Exercise input:

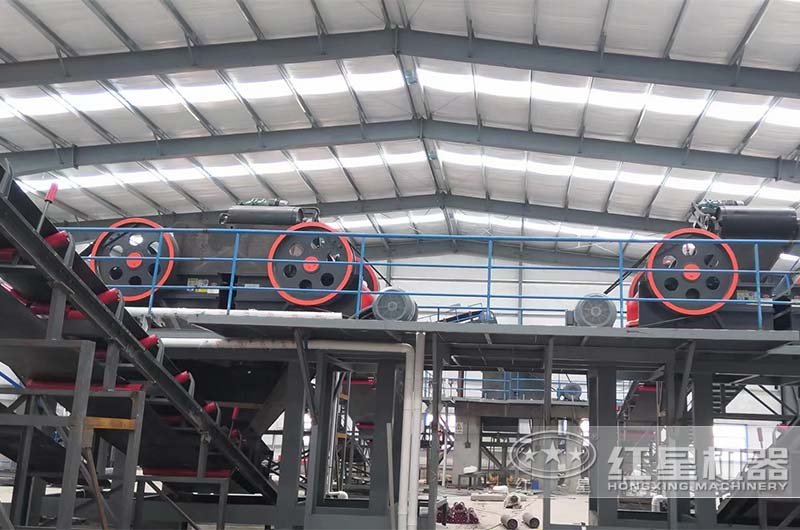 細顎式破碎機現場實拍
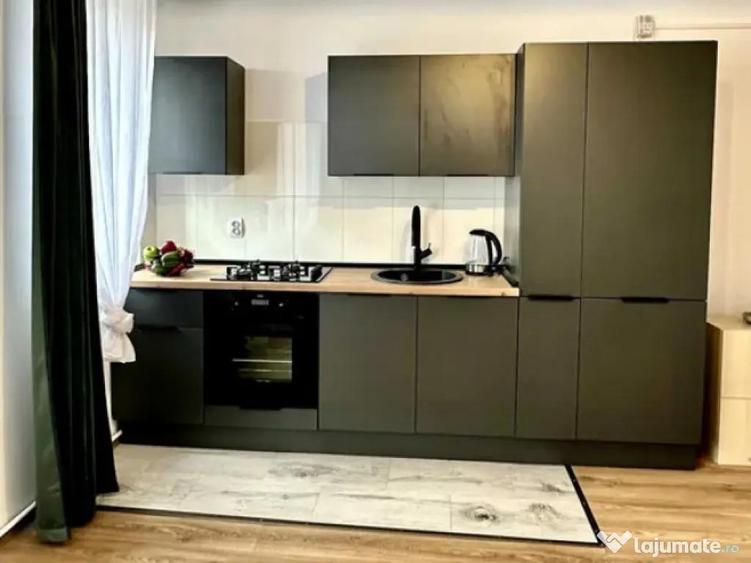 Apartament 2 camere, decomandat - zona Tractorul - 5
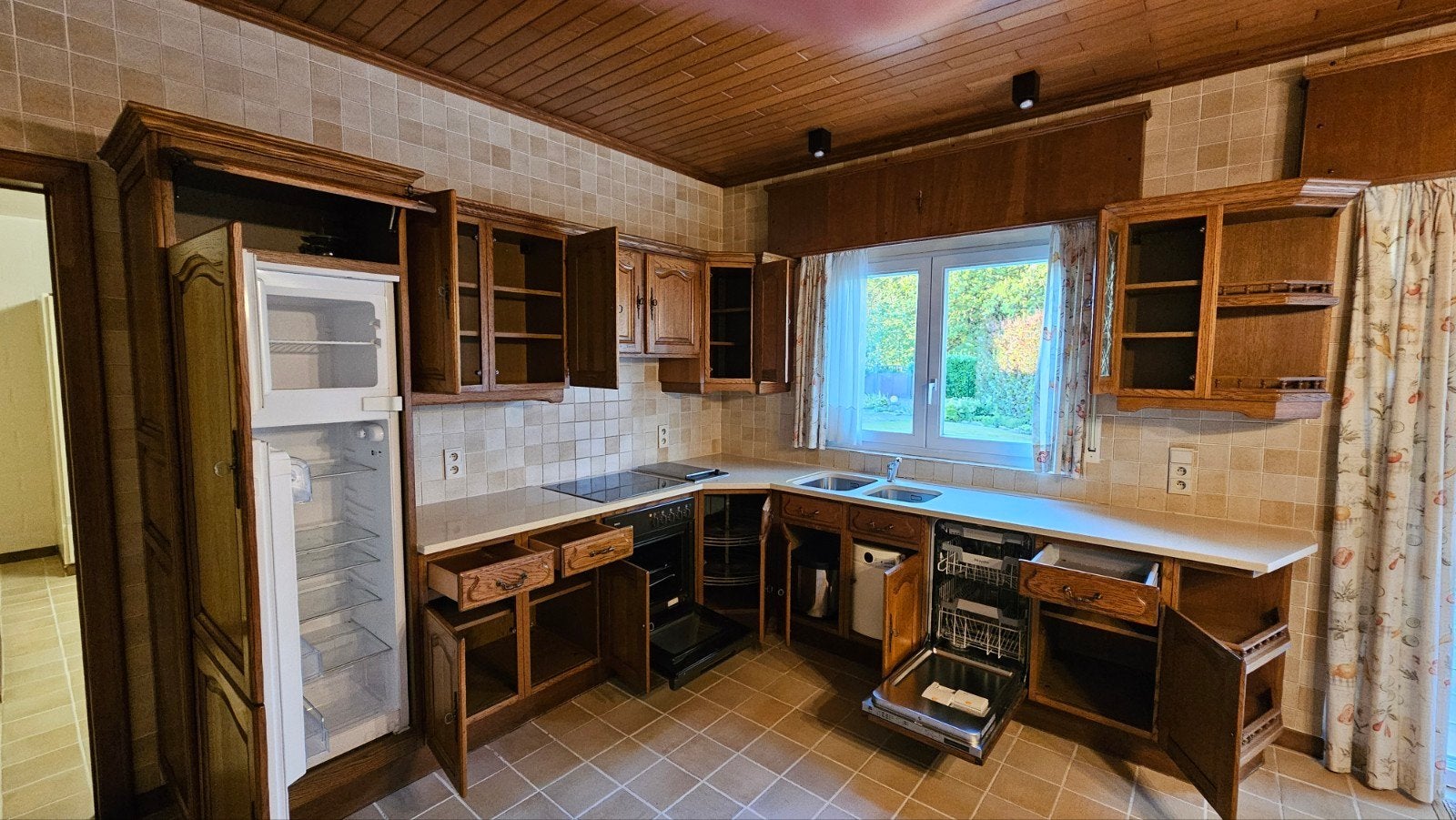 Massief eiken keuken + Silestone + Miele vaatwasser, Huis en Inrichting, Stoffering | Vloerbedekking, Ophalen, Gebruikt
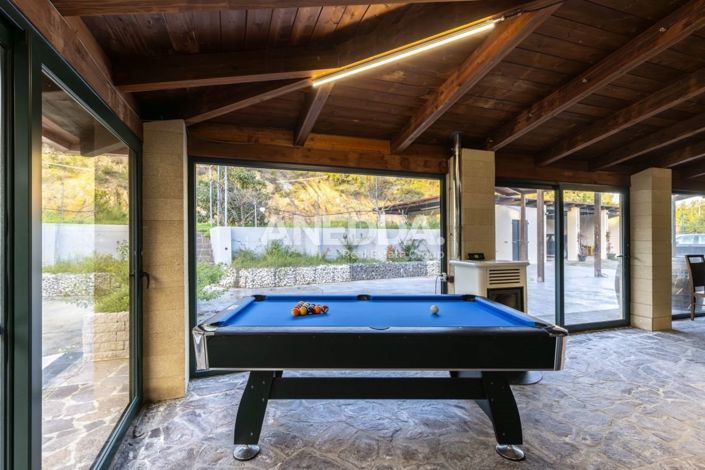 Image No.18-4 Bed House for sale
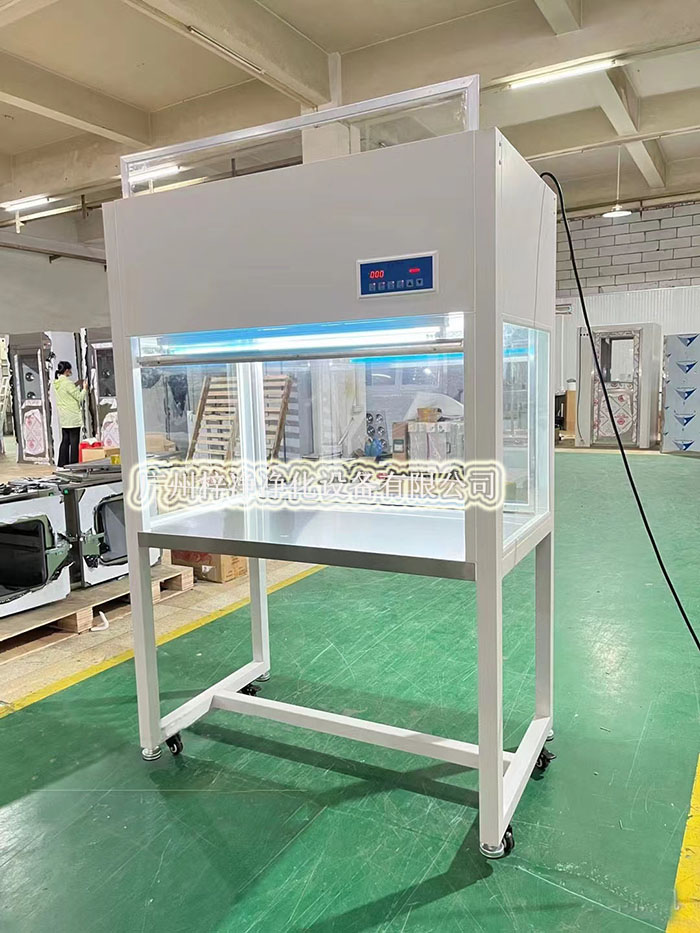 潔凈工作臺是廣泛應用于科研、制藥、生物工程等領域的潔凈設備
* * *
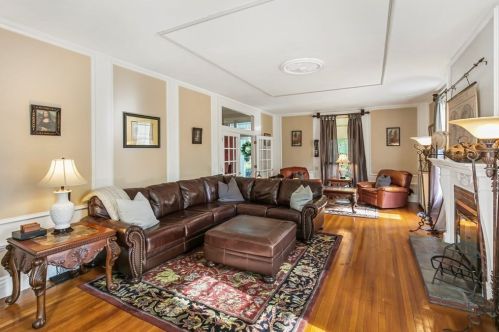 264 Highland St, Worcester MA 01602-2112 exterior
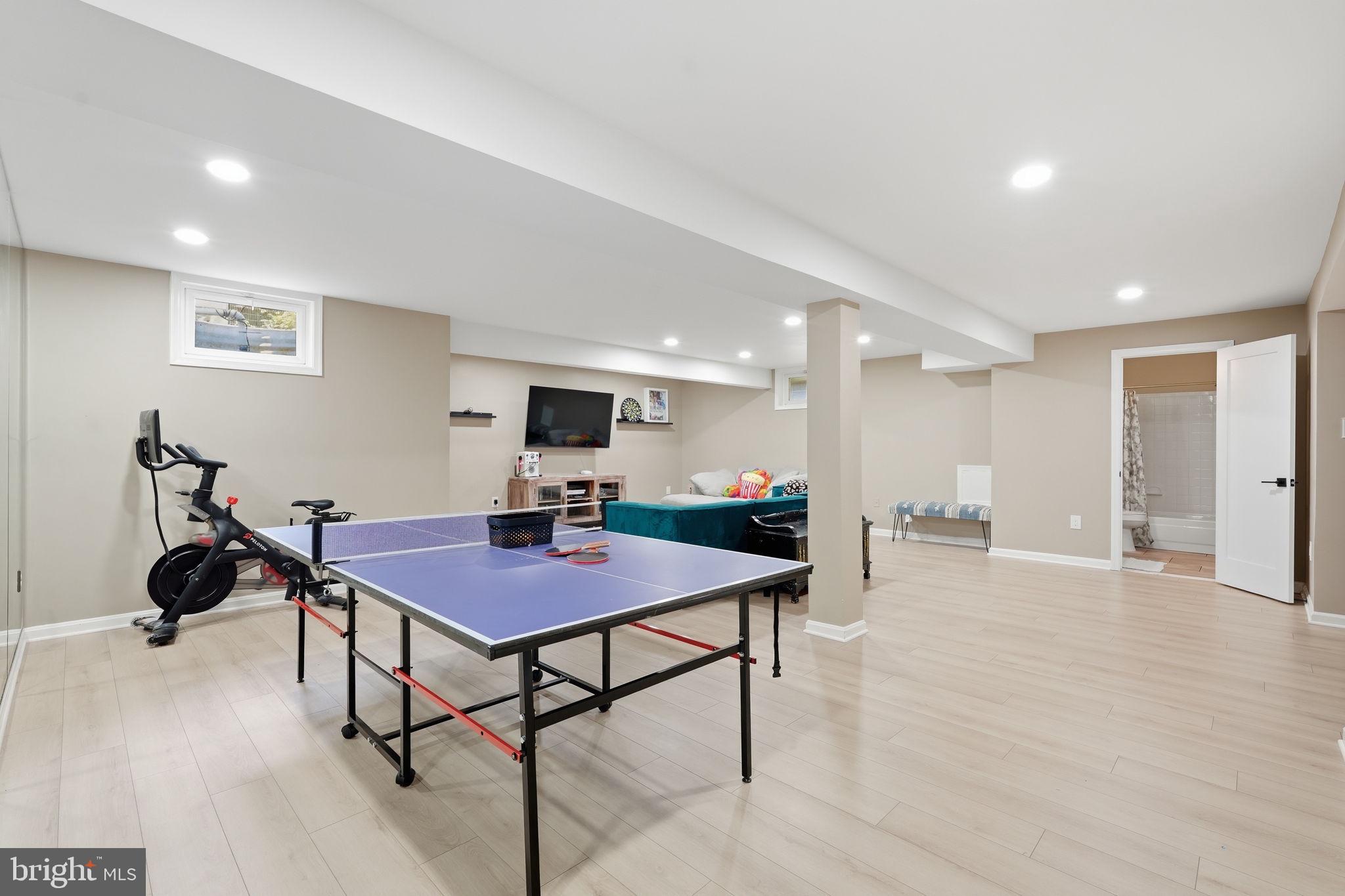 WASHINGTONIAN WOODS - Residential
* * *
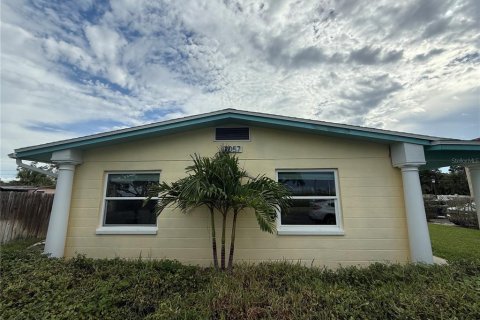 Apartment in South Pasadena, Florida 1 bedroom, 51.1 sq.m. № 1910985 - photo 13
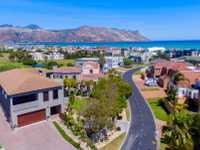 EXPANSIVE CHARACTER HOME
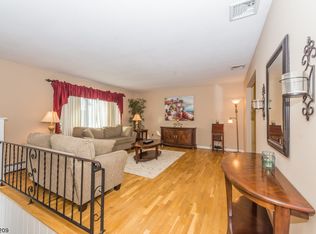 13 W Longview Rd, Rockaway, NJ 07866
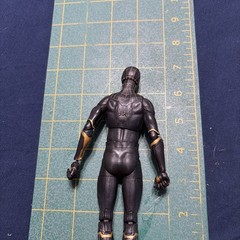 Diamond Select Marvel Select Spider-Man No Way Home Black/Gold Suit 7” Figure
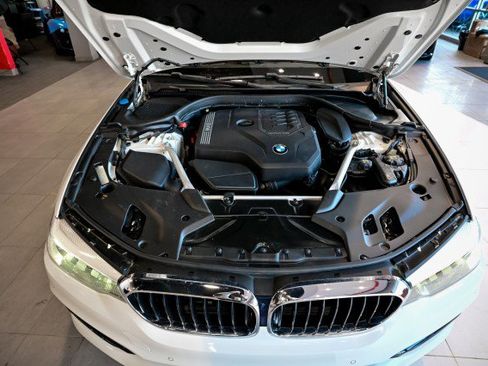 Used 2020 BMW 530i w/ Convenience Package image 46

Problem statement: Take the entries above and copy exactly the lines starting at the one with "Apartment in South" and ending at the one with "Used 2020 BMW"; nothing outside that span, and no pictures.

Answer to the exercise:
 Apartment in South Pasadena, Florida 1 bedroom, 51.1 sq.m. № 1910985 - photo 13
 EXPANSIVE CHARACTER HOME
 13 W Longview Rd, Rockaway, NJ 07866
 Diamond Select Marvel Select Spider-Man No Way Home Black/Gold Suit 7” Figure
 Used 2020 BMW 530i w/ Convenience Package image 46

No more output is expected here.